To help resolve this issue, Erdman Anthony designed a two-mile section of 36-inch ductile iron raw water main for the city, from Military Trail to Congress Avenue.
The project began with an analysis to recommend the route for the overall transmission main. Factors such as utility impacts, safety, maintenance of traffic, impacts to the community, permitting, construction costs, and operational costs were considered.
Together with the city and the designers for the other two segments of the overall project, the Woolbright Road route was selected. That route, which includes a section with a bridge over Quail Covey Road, reduced maintenance-of-traffic and pavement restoration.
Erdman Anthony designed and permitted a solution to place the water main in the Lake Worth Drainage District right-of-way, thus eliminating the need for a utility bridge. Conflicts with existing utilities and drainage pipes were located with soft digs and coordinated with the various utility owners.
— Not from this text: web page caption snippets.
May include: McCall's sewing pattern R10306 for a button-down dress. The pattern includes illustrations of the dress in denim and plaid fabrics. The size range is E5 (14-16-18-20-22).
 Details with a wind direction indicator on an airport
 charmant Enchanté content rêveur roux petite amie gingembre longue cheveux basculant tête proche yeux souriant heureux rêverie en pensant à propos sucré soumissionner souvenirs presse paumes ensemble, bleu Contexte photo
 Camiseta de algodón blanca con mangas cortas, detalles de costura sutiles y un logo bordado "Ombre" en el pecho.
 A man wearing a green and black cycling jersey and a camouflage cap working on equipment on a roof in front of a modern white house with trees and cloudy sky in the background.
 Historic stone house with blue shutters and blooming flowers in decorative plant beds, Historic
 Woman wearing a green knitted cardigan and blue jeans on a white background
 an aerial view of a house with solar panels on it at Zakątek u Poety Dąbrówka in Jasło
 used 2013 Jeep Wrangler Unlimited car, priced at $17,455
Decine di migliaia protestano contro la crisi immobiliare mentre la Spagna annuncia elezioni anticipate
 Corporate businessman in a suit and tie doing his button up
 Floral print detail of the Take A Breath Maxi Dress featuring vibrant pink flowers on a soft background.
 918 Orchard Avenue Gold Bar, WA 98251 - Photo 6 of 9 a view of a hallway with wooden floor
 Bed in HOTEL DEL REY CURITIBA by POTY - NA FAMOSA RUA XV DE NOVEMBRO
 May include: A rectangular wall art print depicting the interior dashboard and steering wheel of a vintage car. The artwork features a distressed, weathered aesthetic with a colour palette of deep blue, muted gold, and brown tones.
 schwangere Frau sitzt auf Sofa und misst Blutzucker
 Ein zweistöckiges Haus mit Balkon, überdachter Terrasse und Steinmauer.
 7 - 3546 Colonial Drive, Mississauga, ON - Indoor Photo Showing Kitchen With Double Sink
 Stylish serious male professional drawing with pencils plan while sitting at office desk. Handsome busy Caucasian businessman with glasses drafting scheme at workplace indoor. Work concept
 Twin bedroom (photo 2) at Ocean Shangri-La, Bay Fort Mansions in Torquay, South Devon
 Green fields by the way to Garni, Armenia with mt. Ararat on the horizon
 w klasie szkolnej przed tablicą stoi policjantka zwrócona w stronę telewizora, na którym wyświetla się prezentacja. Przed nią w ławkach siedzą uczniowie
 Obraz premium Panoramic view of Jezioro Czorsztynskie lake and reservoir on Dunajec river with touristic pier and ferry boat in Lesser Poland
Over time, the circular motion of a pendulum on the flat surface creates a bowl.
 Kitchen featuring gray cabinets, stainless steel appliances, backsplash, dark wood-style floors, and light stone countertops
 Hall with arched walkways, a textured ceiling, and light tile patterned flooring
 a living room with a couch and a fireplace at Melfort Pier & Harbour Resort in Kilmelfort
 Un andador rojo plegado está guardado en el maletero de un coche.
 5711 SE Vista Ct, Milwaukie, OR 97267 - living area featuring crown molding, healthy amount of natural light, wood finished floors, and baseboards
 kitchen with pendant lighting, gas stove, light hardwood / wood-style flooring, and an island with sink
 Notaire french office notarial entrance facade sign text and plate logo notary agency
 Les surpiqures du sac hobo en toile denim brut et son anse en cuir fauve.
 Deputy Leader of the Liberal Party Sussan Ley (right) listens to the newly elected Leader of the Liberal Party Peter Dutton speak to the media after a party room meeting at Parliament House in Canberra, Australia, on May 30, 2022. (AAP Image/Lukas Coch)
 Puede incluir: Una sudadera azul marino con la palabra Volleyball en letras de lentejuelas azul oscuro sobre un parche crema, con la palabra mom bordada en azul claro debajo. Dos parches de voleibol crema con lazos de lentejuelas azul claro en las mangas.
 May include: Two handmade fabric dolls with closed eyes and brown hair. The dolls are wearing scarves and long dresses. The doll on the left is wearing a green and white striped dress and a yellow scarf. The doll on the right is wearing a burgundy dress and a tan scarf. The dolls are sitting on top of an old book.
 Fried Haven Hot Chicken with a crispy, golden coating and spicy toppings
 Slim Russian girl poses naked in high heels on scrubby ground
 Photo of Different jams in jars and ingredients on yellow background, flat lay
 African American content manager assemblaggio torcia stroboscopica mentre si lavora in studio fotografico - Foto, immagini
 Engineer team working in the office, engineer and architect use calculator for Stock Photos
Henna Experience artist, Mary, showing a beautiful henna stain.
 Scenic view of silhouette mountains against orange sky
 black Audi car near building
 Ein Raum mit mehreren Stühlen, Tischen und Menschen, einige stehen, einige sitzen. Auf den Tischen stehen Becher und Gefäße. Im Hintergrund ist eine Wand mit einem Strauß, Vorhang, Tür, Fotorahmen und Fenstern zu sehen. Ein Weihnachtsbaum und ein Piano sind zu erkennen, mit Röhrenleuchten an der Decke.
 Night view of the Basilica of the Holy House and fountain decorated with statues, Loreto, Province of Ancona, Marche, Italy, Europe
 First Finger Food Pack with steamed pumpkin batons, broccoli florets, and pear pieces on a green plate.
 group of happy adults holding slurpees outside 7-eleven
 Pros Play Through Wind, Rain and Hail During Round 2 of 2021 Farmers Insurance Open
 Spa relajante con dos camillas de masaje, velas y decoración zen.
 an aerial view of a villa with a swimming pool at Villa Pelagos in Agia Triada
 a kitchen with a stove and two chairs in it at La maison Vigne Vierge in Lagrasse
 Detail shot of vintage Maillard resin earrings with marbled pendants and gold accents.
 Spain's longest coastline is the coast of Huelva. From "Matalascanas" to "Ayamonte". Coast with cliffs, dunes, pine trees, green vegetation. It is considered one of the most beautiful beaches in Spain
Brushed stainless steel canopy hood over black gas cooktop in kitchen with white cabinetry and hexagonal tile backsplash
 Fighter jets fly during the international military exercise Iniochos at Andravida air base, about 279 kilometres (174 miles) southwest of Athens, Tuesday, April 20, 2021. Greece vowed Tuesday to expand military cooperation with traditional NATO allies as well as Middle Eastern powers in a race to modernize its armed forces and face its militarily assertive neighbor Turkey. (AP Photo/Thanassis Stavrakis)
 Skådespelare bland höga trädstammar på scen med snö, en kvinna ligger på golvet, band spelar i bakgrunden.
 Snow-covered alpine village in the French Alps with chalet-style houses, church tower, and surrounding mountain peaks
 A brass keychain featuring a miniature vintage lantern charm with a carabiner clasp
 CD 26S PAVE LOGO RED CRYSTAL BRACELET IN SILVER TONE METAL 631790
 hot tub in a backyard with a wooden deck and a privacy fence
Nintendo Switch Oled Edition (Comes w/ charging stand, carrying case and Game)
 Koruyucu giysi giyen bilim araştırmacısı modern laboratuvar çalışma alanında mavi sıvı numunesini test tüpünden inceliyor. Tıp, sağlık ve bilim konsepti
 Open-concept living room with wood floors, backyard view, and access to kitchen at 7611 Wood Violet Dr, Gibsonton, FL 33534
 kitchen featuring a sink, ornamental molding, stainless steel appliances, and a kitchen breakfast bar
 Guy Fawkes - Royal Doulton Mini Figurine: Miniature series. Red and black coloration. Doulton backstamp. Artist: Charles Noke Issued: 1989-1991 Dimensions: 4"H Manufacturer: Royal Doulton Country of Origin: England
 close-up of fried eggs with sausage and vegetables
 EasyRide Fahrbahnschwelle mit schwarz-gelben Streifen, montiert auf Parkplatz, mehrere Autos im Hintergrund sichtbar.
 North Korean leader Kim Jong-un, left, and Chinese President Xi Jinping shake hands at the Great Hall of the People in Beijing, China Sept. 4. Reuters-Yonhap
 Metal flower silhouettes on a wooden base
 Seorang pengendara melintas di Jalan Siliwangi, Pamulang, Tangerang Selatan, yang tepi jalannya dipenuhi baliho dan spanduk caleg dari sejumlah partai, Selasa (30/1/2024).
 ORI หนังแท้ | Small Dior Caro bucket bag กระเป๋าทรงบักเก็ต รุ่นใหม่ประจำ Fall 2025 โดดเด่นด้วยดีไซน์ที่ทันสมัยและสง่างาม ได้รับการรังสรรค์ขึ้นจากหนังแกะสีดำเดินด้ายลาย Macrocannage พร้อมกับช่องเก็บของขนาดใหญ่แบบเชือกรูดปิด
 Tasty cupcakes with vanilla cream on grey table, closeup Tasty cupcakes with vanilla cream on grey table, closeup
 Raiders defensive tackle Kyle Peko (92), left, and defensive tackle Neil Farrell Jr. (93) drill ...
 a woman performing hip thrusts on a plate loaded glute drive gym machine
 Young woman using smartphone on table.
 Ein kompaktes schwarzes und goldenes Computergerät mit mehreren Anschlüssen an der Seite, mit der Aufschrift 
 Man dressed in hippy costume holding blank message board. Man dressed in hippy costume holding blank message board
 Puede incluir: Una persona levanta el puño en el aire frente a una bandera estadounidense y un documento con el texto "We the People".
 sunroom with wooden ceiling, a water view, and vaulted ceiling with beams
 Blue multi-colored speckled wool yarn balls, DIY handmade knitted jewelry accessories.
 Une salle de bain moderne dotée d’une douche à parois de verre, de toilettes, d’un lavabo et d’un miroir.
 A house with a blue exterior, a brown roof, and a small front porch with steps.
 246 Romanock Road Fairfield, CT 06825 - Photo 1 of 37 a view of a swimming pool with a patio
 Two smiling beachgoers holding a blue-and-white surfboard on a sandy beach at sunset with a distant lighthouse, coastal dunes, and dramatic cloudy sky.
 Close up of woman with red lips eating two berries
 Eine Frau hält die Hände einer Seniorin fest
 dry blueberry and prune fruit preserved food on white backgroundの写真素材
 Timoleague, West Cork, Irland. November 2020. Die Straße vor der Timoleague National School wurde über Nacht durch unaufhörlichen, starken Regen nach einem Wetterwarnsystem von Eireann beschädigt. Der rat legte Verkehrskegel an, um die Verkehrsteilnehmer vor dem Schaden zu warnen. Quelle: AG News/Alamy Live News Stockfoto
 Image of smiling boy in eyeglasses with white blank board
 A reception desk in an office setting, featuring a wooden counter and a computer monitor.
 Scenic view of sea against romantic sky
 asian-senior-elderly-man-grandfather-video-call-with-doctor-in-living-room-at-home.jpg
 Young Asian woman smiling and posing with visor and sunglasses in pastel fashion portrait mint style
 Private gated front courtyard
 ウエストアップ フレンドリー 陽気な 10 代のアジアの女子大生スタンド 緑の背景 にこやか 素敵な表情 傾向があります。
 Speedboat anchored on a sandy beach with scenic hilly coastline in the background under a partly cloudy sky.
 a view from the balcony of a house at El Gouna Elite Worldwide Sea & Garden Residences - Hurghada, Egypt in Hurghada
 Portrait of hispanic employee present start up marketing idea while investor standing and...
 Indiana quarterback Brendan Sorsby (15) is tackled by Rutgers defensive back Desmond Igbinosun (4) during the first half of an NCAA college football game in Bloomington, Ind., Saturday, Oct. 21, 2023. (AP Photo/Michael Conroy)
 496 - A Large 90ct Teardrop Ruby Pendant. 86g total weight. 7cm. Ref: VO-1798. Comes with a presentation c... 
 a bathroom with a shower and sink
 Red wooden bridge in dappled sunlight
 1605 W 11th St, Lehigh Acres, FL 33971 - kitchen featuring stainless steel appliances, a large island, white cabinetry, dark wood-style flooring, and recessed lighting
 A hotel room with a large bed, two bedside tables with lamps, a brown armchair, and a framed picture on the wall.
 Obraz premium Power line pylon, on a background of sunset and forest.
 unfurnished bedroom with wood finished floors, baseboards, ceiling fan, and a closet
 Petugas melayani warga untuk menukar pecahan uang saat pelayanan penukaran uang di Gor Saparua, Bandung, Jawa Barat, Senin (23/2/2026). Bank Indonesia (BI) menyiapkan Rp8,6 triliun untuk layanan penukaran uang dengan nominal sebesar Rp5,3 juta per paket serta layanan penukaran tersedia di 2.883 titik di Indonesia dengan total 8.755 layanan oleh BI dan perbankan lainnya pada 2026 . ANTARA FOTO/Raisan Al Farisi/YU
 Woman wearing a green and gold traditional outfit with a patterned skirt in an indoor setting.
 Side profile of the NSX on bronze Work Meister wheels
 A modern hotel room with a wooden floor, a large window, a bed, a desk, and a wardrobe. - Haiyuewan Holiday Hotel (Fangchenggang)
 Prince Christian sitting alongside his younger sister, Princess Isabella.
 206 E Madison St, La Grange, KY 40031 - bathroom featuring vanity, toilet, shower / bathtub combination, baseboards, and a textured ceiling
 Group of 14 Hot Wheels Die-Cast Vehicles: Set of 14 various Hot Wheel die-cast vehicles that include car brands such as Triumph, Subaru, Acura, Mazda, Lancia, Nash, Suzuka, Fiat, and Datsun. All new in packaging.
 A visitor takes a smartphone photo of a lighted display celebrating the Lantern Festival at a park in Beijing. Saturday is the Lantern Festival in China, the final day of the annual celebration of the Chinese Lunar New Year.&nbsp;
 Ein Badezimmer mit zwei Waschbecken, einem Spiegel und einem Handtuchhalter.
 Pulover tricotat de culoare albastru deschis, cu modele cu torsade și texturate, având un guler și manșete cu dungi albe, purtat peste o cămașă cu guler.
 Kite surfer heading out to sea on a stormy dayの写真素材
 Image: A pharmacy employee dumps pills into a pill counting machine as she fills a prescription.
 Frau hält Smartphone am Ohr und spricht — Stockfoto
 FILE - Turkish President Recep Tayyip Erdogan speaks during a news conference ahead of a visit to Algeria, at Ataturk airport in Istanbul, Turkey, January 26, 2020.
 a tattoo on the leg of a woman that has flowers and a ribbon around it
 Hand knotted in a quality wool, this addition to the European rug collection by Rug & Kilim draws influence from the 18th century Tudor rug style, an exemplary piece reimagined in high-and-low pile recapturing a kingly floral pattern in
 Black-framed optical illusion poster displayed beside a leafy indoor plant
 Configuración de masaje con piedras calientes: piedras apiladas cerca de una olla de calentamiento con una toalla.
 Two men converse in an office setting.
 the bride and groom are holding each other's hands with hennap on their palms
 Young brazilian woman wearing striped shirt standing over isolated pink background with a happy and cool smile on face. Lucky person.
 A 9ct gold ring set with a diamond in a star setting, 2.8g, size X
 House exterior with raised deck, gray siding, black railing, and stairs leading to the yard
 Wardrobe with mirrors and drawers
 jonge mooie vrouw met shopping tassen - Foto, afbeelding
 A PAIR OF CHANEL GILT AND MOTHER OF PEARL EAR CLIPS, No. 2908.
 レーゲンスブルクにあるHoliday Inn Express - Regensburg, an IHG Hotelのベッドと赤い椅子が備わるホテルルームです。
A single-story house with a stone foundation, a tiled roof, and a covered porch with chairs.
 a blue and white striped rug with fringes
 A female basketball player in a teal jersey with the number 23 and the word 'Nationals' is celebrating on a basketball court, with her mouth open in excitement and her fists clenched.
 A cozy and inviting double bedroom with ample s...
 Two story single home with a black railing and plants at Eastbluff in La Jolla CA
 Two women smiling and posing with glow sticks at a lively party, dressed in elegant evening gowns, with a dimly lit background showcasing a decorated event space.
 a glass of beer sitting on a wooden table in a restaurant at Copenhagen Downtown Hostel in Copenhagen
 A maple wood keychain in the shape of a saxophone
Our firm completed the horizontal and vertical geometry for the pipe, assisted with the acquisition of easements, addressed crossings with utilities and drainage culverts, and considered the maintenance-of-traffic impacts. Combination air release/air vacuum valves with anti-slam devices and flood-safe backflow preventers also were constructed. Horizontal gate valves were used to allow for future swabbing. A super chlorinated slug was utilized for the flushing process to clean all three segments.
Erdman Anthony also obtained the permits and managed the construction effort, including providing inspectors and construction administration.
Notably, the city and the design engineers published a paper regarding this project’s design in ASCE’s technical proceedings for its nationwide pipelines conference.
The overall project now allows the city to withdraw 20 million gallons per day of raw water at its western well field, where permitted capacity for withdrawals is available, and transport that water to its water treatment plant east of I-95, where it has treatment capacity.